Exile and Pride: Disability, Queerness, and Liberation
By Eli Clare
In the book, Exile and Pride, the writer and activist Eli Claire discusses the intersection of disability and queerness. He writes his essays from the collectiveness and combination of memoir, history and political thinking. Hence, the book offered an intersectional scope for understanding our and others’ bodies and lives, along with their positionality in the politics of oppression, power and resistance. At the heart of the book, Eli calls for a social justice movement that is truly accessible to everyone. The book opens up a reality where everyone in their messy and complex selves can realize and find the love and embracement they deserve.
The book was first published in 1999 and was and still is essential to the history and future of disability politics. Eli’s book as a genderqueer activist/writer with cerebral palsy has permanently changed the landscape of disability politics and queer liberation. The work by Eli has therefore secured its position of being an essential part of the history of queer and disability politics and the understanding of these bodies and minds in society.
Eli’s book is divided into two major parts, place and body. In the section on place, Eli talked about finding a place that feels like home, not only as a physical space but also bodily and mental home. He also discusses home in the form of having to leave a place that has been “home” or even being exiled from it. He also reflects on the notion of the environment as a place of calmness and the need for its protection. In the second section, body, Eli goes more in-depth into the identity politics of being genderqueer and disabled. He discusses terminology of bodies and minds like his own, but also gives visibility to the complexity of this intersection of identities, like considering class and race.
Eli has a thoroughly kind way of writing and sharing his lived experiences, despite the re-encounters he tells about can be triggering and horrific to read. He captures the reader already in his beautifully written chapter “the mountain”.
Eli Clare is an activist, a writer, a speaker, a poet and a teacher. He is also white, disabled and genderqueer, who has since 2008 spoken, taught, and consulted (both in-person and remotely) at well over 150 conferences, community events, and colleges across the United States and Canada.

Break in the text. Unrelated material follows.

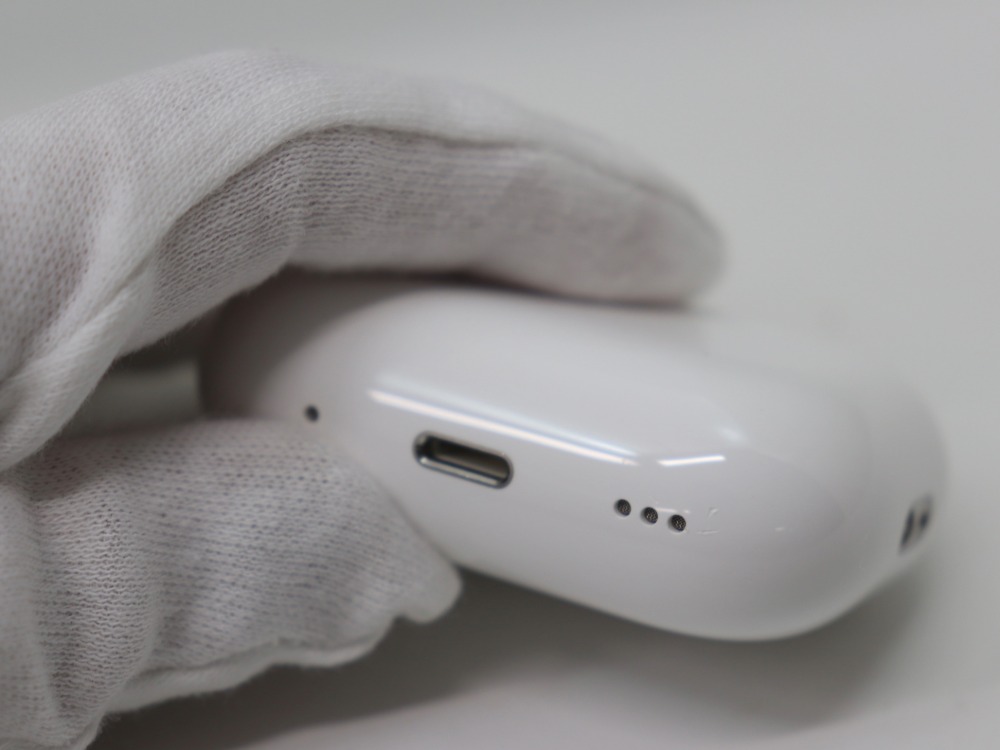 Appleエアポッズプロ充電口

Other publications of Eli’s include the book Brilliant Imperfection: Grappling with Cure, which won the 2018 Publishing Triangle’s Randy Shilts Award for Gay Nonfiction, and a poetry collection called The Marrow’s Telling: Words in Motion.

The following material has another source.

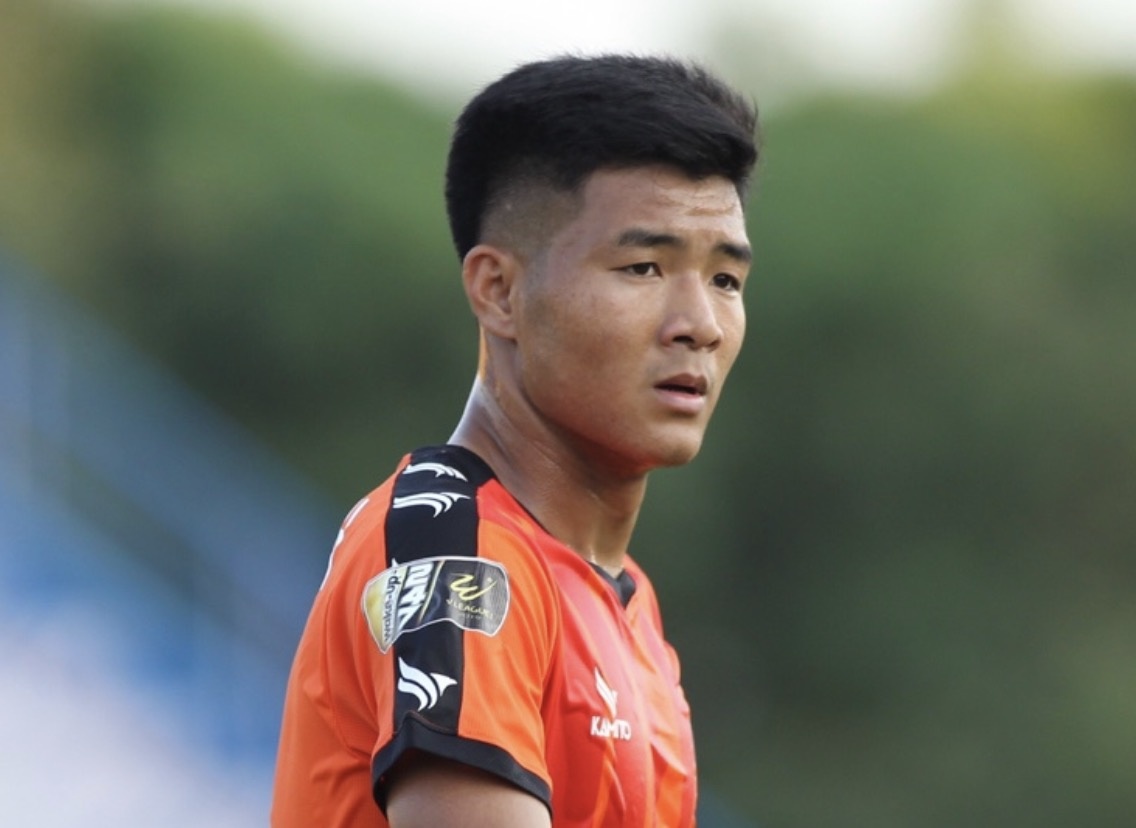 HLV Le Huynh Duc: 'Da Nang gap kho khan khi vang Duc Chinh' hinh anh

“How pleasurable it is to pick up a book that merely intrigues you because of its title and find that it is a gem well beyond its cover. This rare phenomenon happened when I came across Eli Clare’s Exile and Pride. Only a maestro of a writer can adroitly weave together her own story plus environmental, political, disability, and lesbian issues into a cohesive whole, coming out with such clarity that you find yourself identifying with many parts and muttering, ‘But of course.’ This thin volume is so thick with thought that you almost feel you have just devoured an oversized piece of key lime pie—indeed a rich treat to digest.”
—Feminist Collections: A Quarterly of Women’s Studies Resources
“The books that move us most are the ones that help us make sense of our experience, that take pieces of what we already know and put it together with new insights, new analysis, enabling us to form a fresh vision of ourselves and our lives. For me, Audre Lorde’s Sister Outsider and Adrienne Rich’s On Lies, Secrets, and Silence were such books, and there were significant others along the way. And now there’s Eli Clare’s Exile and Pride.”